Beabadoobee suonerà:
LUGLIO
30 – Saint Charles, IA, Festival musicale dell’entroterra
31 – Chicago, IL, Il deposito del sale
AGOSTO
2 – Chicago, IL, Lollapalooza
4 – Indianapolis, IN, Everwise Amphitheatre
7 – Morrison, CO, Anfiteatro Red Rocks
OTTOBRE
1 – Uncasville, CT, Mohegan Sun Arena
2 – Filadelfia, Pennsylvania, Liacouras Center
3 – Boston, Massachusetts, TD Garden
5 – New York, New York, Madison Square Garden
7 – Toronto, Canada, Scotiabank Arena
8 – Laval, Canada, Place Bell
10 – Columbia, MD, Merriweather Post Pavilion
11 – Raleigh, NC, Centro Lenovo
13 – Orlando, Florida, Arena finanziaria aggiuntiva
14 – Duluth, Georgia, Gas South Arena
16 – The Woodlands, Texas, il padiglione Mitchell di Cynthia Woods
17 – Austin, Texas, Anfiteatro delle assicurazioni Germania
19 – Phoenix, Arizona, anfiteatro del Talking Stick Resort
21 – Los Angeles, California, Kia Forum
24 – San Diego, California, Viejas Arena
26 – Oakland, California, Oakland Arena
28 – Vancouver, Canada, Rogers Arena
29 – Seattle, WA, Climate Pledge Arena
NOVEMBRE
14 – Glasgow, OVO Hydro
16 – Cardiff, Utilita Arena
17 – Manchester, AO Arena
18 – Londra, O2
23 – Copenaghen, KB Hallen
24 – Stoccolma, Fryshuset Arenan
27 – Oslo, Spektrum
30 – Parigi, Zenith
DICEMBRE
2 – Amsterdam, AFAS in diretta
4 – Bruxelles, Forest National
6 – Berlino, Tempodrom
7 – Düsseldorf, Mitsubishi Electric Halle
“Pylon” segue “This Is How Tomorrow Moves” nel 2024. In una recensione a quattro stelle, Music Attitude ha scritto: “Una raccolta di canzoni che mettono in mostra i sentimenti intricati di questo periodo, il terzo disco del giovane artista è una cosa toccante e potente.”

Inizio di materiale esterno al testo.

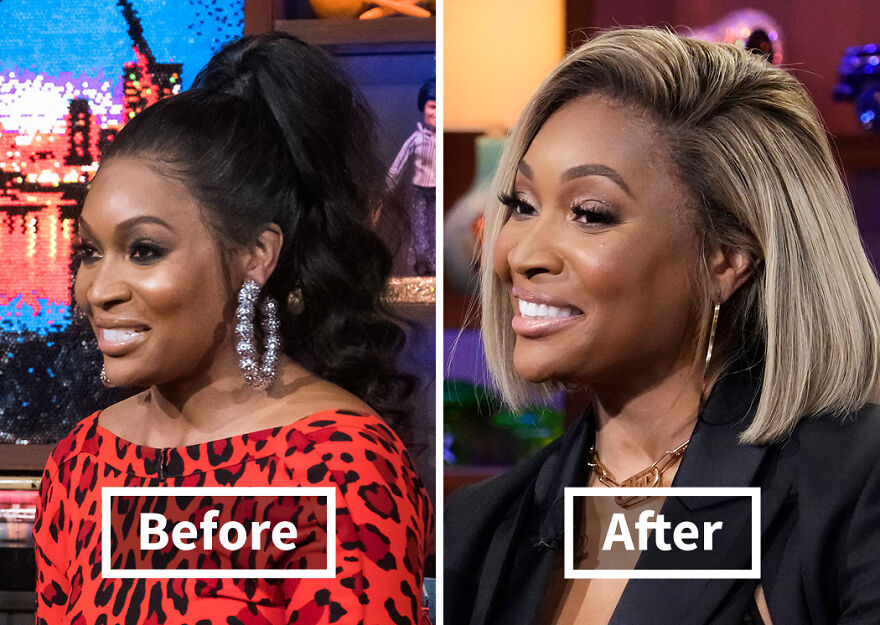 transplantácia vlasov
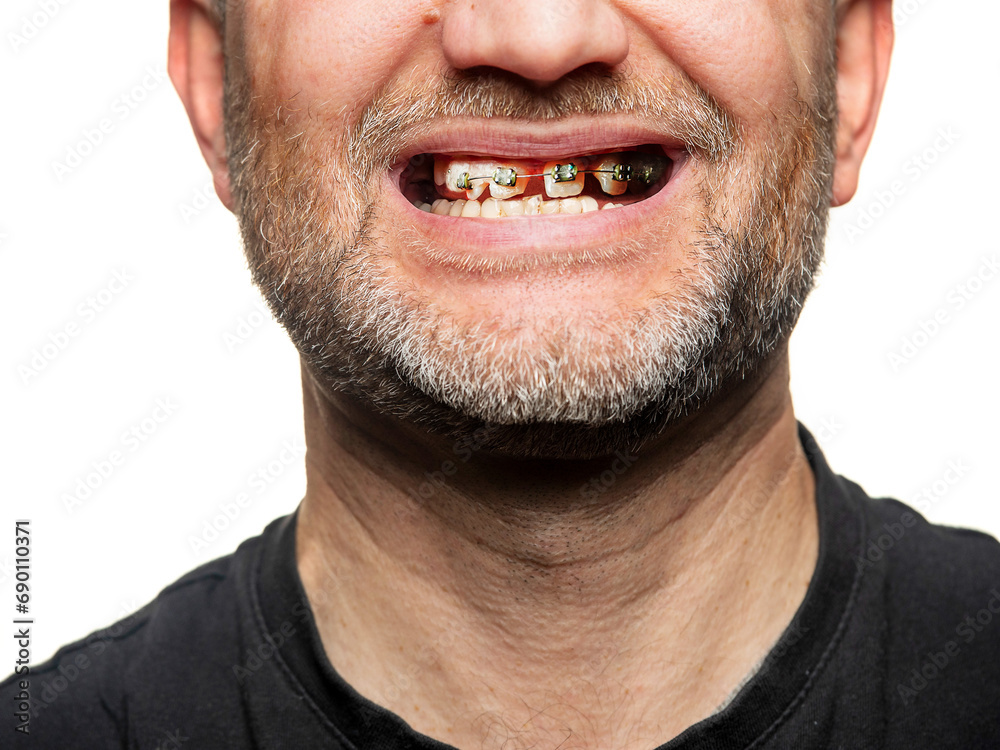 Adult male face close up with open mouth and teeth in bad shape and form with fancy braces. Dental procedure to improve look and functionality. Man with short beard showing his expensive device. Adult male face close up with open mouth and teeth in bad shape and form with fancy braces. Dental procedure to improve look and functionality. Man with short beard showing his expensive device.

All’inizio di quest’anno, ha anche collaborato con The Marías per il singolo “All I Did Was Dream Of You”, che è arrivato con un video ispirato a Yorgos Lanthimos’ Bugoniae ha interpretato “Say Yes” di Elliott Smith per la compilation “Help(2)” di War Child.